On a practical level, the outcome of this decision will have a significant impact on the family class regime. Proponents of immigration often comment that the length of undertakings, which can range from three to ten years depending on the sponsored relative’s age and relationship to the sponsor, is a heavy burden for a sponsor to take on considering that it is impossible to predict the future. The people involved in these undertakings are real people in real relationships where real things happen. The Ontario regime already makes exceptions for cases of sponsorship breakdown that involve abuse in the relationship (a case of a marital relationship that breaks down due to spousal abuse or domestic violence would fall under here); the OCA decision provides relief from sponsorship debt in other situations that warrant recognition. For example, consider a scenario where a sponsor becomes unemployed during the course of his or her undertaking and can no longer afford to support the sponsored relative.
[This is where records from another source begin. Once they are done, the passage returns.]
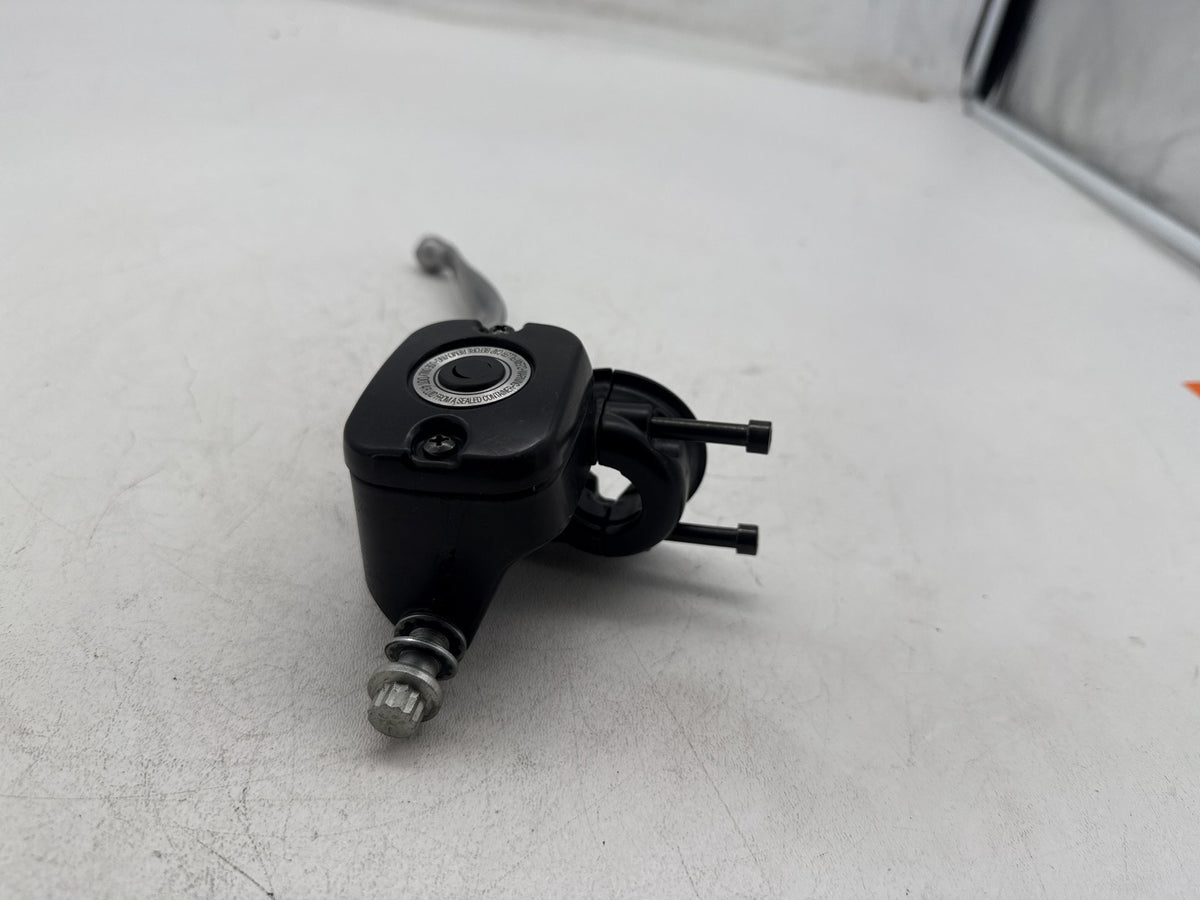2014 Harley Softail Slim FLS OEM Front Right Brake Lever Master Cylinder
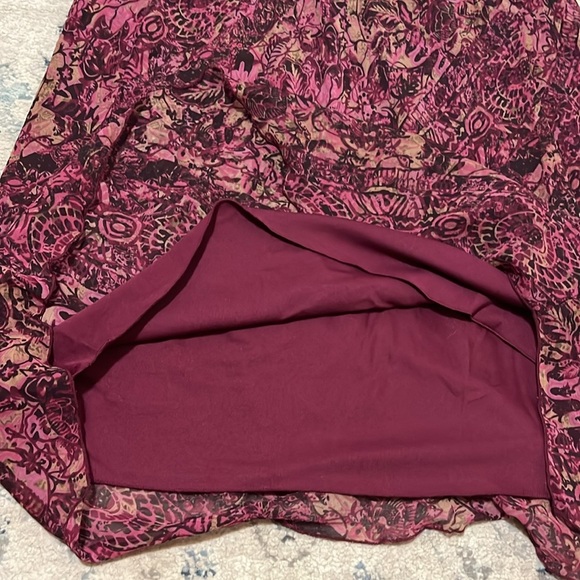 b.i.y.a.y.c.d.a. Red and Gold Floral and Leaf Pattern Midi A-Line Skirt - Picture 7 of 10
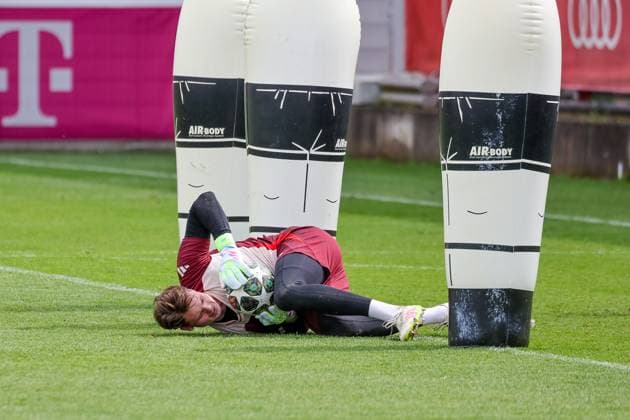 Jonas Urbig FC Bayern Muenchen, 40 at goalkeeper training, GER, final training, FC Bayern Muenchen, football, UEFA Champions League, quarter-final second leg, 2024 2025 season, 15 04 2025, GER, final training, FC Bayern Muenchen, football, UEFA Champions League, quarter-final second leg, 2024 2025 season, 15 04 2025 Muenchen Copyright: xEibner-Pressefoto JennixMaulx EP_JML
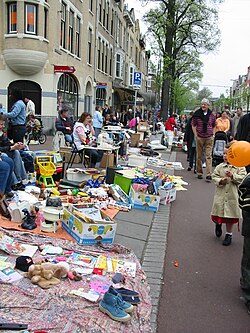 Mercadillo en La Haya durante el Día de la Reina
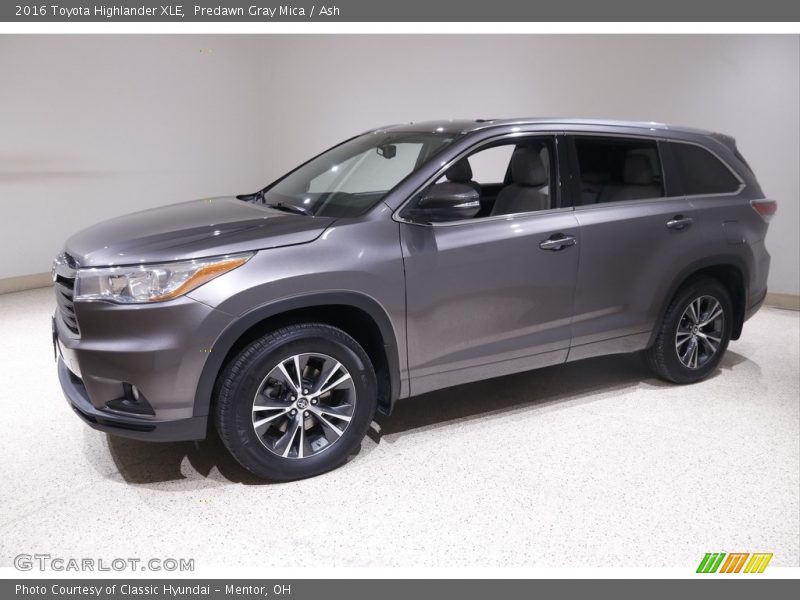 Predawn Gray Mica / Ash 2016 Toyota Highlander XLE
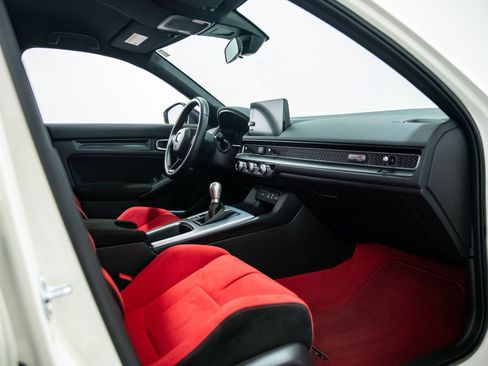 Used 2025 Honda Civic Type R image 11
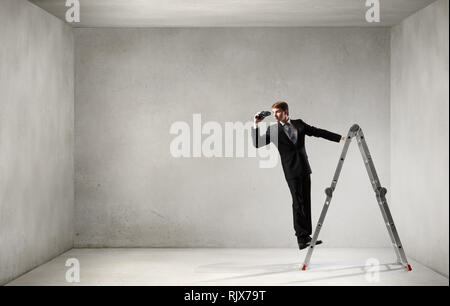 Unternehmer stehen auf Leiter und Suchen in Ferngläsern. Mixed Media Stockfoto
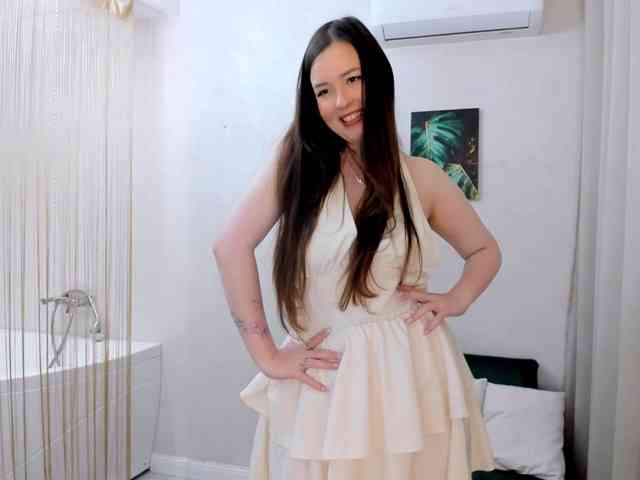 HoneyGlow webcam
Upholding the OCA decision will potentially make people more willing to sponsor the immigration of relatives from abroad. In reply to these implications, opponents of immigration will likely comment that there may be an increase in the sponsorship of false relationships if relief is given from the pressure and responsibility imposed by the undertakings. Additionally, sponsors should be financially stable when they bring relatives over to Canada since they are initially aware that Canada relies on their economic resources to sponsor the foreign relative. Notably, before a strict debt recovery process was set up by Ontario, in 2004 almost 7,500 sponsored relatives were on social assistance in Ontario, at a cost to the taxpayer of about $70 million annually. Both sides present strong arguments, and it will be interesting to see what the fate of sponsorship debt for the family class will be.